Of course, floating point support for Serial.print() DID get added. In a relatively nonStandard way that is not as powerful as printf(), but is just about as big.
krupski:
#1: There is overhead associated with every and any call of a C function.
I would probably agree that 10 calls with 2 arguments takes longer than 1 call with 12 arguments. I'm not sure, because there is some increased overhead due to the varargs calling convention of sprintf.
Regardless, the measurements show that the piece-wise overhead is much, much less than the time used by the other techniques (String and sprintf). Most of it has to do with the run-time interpretation of the format string.
#2: Wrong - same reason as #1.
The numbers seem to show that piece-wise if most efficient. I don't know how to discuss something with you if you don't look at the objective numbers. If you don't understand the measurement sketches, just ask a question.
#3: This statement is misleading... /dev makes it sound as though serial data will be output from the ring buffer even if the CPU is busy elsewhere (for example stuck in a blocking delay(nnn) call or in the middle of parsing the format specifiers of another string).
Serial data will be output from the ring buffer even if the CPU is doing a delay or formatting another piece. That's how interrupts work. I marvel that you don't know this, even after I provided links to the source. Continuing to argue the point fits the definition of Willful Ignorance.
Now, I suppose I could write a simple sketch and show actual numbers
I can do this if you wish.......
Yes, please. This is the essence of forum discussion. If you disagree, you have to support the argument with something that everybody can reproduce. Subjective ranting does not nullify the objective measurements. Show us your actual numbers, and maybe we'll all start using sprintf.
westfw:
Of course, floating point support for Serial.print() DID get added. In a relatively nonStandard way that is not as powerful as printf(), but is just about as big.

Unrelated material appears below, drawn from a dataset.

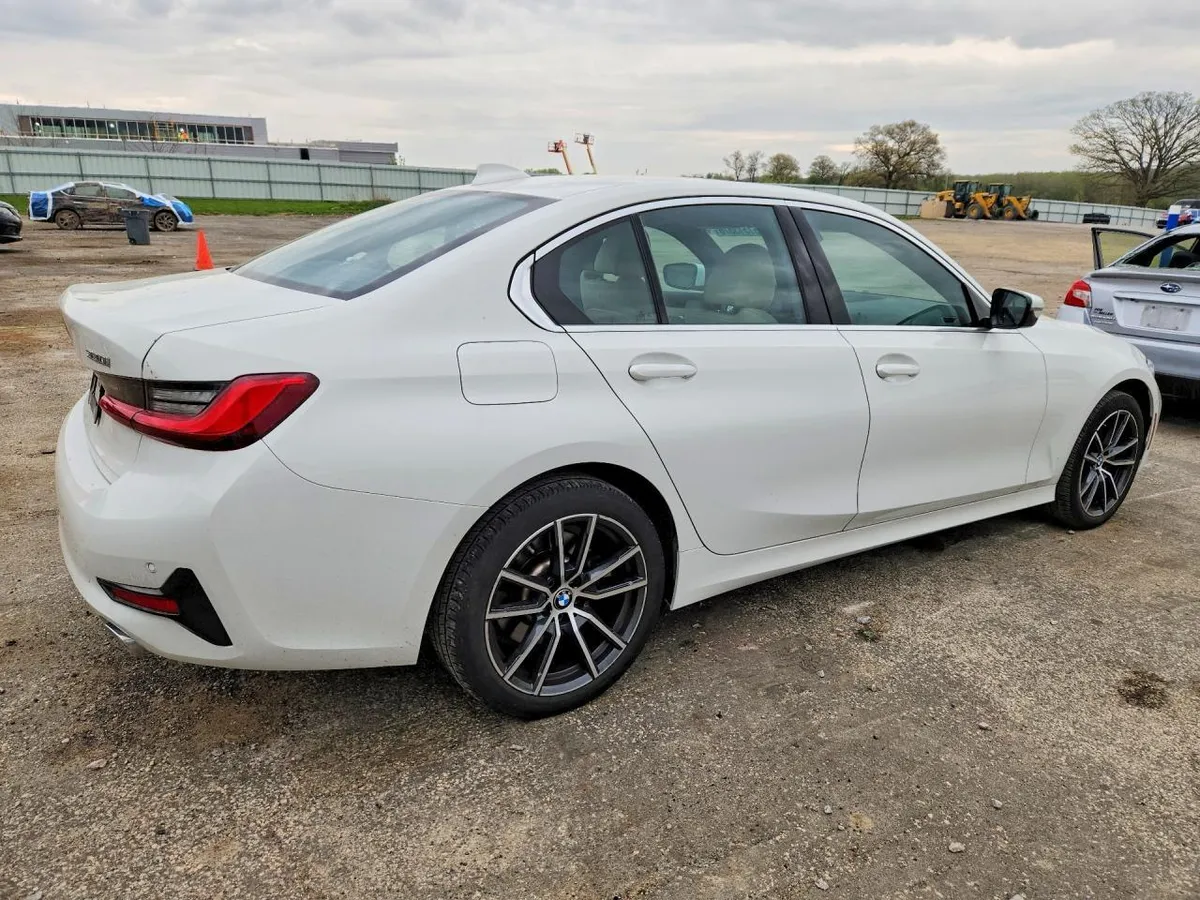 BMW 330XI 2021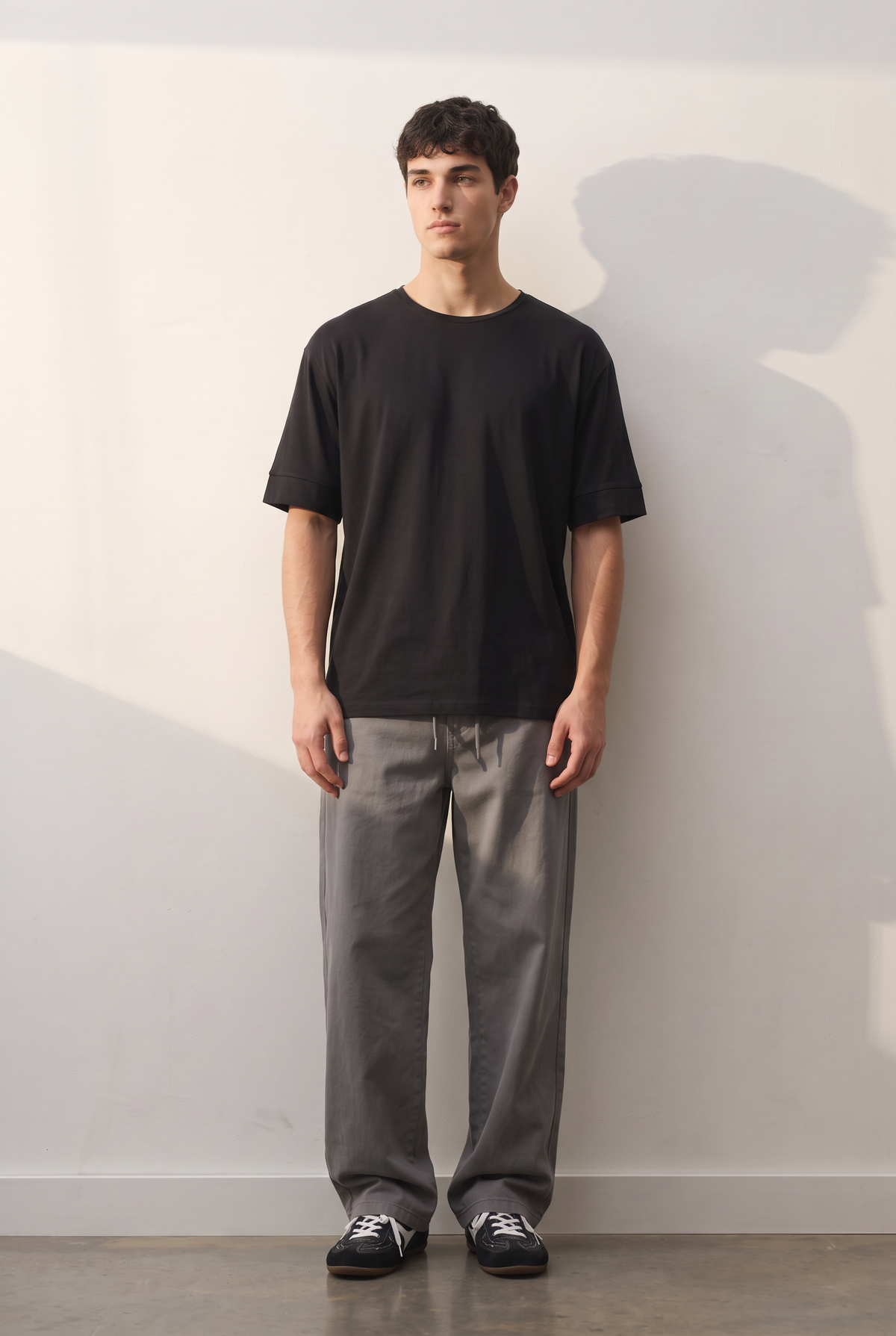 Everyday Cotton siyah tişört — model üzerinde, ön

What I really mean is floating point AND standard in/out/err streams... enabled or disabled by the user, via a checkbox in Preferences.
Another thing that you may or may not know is that there are TWO separate "modules" connected with AVR-GCC floating point support.
One handles printf, fprintf, etc... and the other handles scanf, fscanf, etc...
The second one (the scanf support) is a resource hog and (as far as I know) provides very little benefit to the programmer. The first one (printf) adds only about 1.5K to a sketch and is the one most people would probably use.
So, in my Preferences, I have two "floating point" checkboxes... one for printf (which I use all the time) and one for scanf (which I have never used so far).
-dev:
Yes, please [run the test sketches]. This is the essence of forum discussion. If you disagree, you have to support the argument with something that everybody can reproduce. Subjective ranting does not nullify the objective measurements. Show us your actual numbers, and maybe we'll all start usingsprintf.
OK, not sure what I'm supposed to be seeing here, but this is the output of your first sketch (only change I made was to set the serial baud rate to 115200 'cause that's what I always use).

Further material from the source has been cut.